--- Data shown ---

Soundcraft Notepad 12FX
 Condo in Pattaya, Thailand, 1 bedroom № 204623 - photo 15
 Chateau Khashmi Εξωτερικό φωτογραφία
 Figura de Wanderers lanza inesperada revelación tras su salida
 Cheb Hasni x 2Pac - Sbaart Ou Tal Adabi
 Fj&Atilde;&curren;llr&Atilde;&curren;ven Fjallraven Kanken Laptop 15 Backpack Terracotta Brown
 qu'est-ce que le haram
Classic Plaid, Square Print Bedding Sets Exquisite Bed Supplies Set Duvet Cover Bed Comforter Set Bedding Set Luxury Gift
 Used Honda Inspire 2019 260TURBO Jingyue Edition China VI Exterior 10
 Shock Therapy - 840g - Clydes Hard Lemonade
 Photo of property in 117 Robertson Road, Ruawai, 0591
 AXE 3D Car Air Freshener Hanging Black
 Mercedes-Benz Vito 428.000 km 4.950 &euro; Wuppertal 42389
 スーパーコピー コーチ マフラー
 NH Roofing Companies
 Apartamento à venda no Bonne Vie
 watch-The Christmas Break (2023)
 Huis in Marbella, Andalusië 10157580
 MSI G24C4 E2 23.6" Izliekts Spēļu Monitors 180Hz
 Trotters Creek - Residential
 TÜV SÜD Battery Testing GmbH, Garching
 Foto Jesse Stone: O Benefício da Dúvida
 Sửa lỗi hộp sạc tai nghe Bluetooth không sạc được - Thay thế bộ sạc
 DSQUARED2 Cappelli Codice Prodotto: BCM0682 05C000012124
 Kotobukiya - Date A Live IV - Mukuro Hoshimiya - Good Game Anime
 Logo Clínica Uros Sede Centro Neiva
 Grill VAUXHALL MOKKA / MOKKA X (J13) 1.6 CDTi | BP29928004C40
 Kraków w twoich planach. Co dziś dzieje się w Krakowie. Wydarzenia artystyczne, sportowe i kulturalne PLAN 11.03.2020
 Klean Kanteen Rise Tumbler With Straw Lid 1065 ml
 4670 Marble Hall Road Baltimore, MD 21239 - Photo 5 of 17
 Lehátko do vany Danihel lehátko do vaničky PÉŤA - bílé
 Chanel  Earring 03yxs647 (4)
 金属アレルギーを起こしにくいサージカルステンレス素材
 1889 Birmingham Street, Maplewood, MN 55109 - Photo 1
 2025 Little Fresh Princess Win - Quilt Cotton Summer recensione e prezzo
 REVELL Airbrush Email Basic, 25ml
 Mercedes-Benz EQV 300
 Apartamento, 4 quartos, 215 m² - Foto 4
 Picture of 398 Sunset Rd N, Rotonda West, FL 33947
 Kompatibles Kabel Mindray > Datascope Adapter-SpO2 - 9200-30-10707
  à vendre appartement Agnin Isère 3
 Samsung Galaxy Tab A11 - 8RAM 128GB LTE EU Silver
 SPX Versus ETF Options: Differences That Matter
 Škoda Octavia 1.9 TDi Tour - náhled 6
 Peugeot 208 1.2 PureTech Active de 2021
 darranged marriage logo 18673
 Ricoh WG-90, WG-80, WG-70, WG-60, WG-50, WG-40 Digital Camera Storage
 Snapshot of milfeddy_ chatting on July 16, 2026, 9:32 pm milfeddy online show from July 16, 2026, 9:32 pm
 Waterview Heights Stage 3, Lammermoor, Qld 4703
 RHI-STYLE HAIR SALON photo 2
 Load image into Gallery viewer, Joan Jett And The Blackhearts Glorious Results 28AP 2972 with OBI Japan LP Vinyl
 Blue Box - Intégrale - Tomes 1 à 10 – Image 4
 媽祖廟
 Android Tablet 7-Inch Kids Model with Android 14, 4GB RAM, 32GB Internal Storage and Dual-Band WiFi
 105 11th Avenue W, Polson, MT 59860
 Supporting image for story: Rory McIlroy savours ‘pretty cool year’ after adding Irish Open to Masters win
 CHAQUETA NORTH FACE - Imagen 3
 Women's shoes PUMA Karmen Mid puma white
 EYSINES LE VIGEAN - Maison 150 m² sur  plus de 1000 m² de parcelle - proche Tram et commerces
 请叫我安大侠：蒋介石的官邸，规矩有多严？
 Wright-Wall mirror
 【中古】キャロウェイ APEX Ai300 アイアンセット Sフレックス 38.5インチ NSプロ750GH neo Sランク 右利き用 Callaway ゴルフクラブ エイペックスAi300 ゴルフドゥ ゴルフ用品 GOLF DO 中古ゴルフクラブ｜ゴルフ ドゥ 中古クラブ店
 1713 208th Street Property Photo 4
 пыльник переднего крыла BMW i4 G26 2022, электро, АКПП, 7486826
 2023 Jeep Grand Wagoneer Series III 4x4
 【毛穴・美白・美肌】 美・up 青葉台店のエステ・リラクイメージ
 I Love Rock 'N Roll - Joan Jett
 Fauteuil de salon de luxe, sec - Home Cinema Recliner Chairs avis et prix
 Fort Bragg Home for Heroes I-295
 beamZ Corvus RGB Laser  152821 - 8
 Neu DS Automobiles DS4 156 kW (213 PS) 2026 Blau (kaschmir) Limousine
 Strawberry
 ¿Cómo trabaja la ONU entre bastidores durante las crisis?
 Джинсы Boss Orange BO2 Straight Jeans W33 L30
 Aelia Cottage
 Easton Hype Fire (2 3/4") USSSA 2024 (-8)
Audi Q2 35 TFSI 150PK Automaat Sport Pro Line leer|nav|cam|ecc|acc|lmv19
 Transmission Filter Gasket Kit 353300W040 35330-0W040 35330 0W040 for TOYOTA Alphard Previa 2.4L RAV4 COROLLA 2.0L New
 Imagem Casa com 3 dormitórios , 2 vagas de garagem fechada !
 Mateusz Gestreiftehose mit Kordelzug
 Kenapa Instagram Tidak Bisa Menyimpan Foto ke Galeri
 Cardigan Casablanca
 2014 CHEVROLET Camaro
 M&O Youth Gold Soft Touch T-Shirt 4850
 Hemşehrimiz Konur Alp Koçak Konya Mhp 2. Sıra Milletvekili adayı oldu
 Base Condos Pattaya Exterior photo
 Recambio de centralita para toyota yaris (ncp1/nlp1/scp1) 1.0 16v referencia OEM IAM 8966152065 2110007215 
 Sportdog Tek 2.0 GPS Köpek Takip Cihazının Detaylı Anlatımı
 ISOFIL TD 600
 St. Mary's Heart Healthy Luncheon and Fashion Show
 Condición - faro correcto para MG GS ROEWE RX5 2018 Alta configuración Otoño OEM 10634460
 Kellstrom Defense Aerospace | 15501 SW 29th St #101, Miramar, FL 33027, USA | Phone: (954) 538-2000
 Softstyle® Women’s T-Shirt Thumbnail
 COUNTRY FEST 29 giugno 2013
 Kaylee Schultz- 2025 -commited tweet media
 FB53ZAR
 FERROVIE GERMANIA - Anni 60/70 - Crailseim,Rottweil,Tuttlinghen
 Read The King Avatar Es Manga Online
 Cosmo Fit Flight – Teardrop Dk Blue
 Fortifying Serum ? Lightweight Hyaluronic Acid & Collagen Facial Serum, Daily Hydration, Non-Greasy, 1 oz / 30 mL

---

(Task requirements)
Using the data above, transcribe the lines that run from the line with "Picture of 398" to the line with "Samsung Galaxy Tab", both ends kept, and output nothing else.

(Reply to the exercise)
 Picture of 398 Sunset Rd N, Rotonda West, FL 33947
 Kompatibles Kabel Mindray > Datascope Adapter-SpO2 - 9200-30-10707
  à vendre appartement Agnin Isère 3
 Samsung Galaxy Tab A11 - 8RAM 128GB LTE EU Silver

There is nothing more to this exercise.